【演劇ニュース】
異国人との交際さえ考えられない明治時代、東京の町娘からヨーロッパの伯爵夫人へと変貌を遂げた女性で、ヨーロッパでは今もなお語り継がれているクーデンホーフ光子の半生を描いたミュージカル『MITSUKO』。『ジキル&ハイド』や『THE SCARLET PIMPERNEL』などでも知られるフランク・ワイルドホーンによる作品で、2005年にウィーンでコンサート版が誕生、2010年には日本でも上演され好評を得た。そして5月14日(土)より梅田芸術劇場 メインホールにて世界初演となるミュージカル版の開幕を前に、プレイベントが4月21日(木)に同劇場で開催された。当日は約500人のオーディエンスが来場し、光子を演じる安蘭けい、夫ハインリッヒを演じるマテ・カマラスの歌に酔いしれ、トークを堪能していた。

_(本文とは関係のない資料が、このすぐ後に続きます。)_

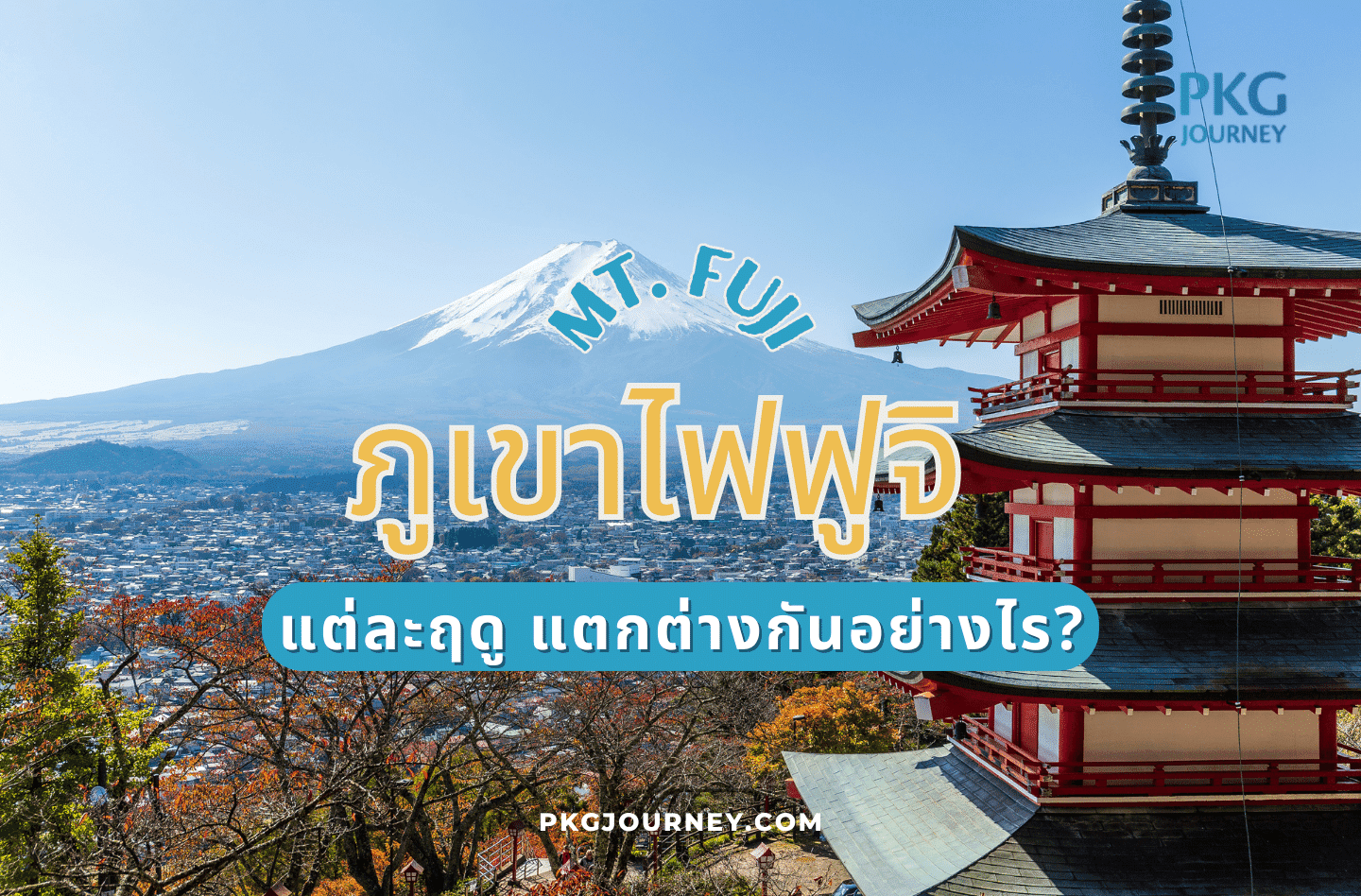 ภูเขาไฟฟูจิ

今年2月にウィーンを訪れた安蘭の様子や稽古場の映像が流れた後、マテが劇中曲『西と東』、安蘭が『後ろを振り向かずに』を、最後にふたりが『愛は国境を越えて』を披露。マテは日本語曲だが、とても滑らかに、胸に響く歌声で聴かせてくれ、安蘭も情感たっぷりに歌い上げた。その後のトークでは、脚本・演出・オリジナル作詞を手掛ける小池修一郎も登場。「もともとは明治時代に初めて国際結婚をした人くらいの印象しかなかったのですが、EUの父と言われる人物の母ということや、葛藤の多い人生を過ごしたことを知り、ドラマになると思いました。『後ろを振り向かずに』という曲は、図らずも今の日本の状況にマッチしていて、世の荒波を乗り越えて生きていこうとする人たちに勇気を与えてくれる歌だと思います」と、作品について語り、「マテさんは日本語がかなりできるようになっています。彼の温もりのある演技がとても魅力的で、安蘭けいさんも女優としての展開は大変見事なものがあります。ふたりのデュエットは期待以上に盛り上がりを見せてくれています」とキャストの魅力を語った。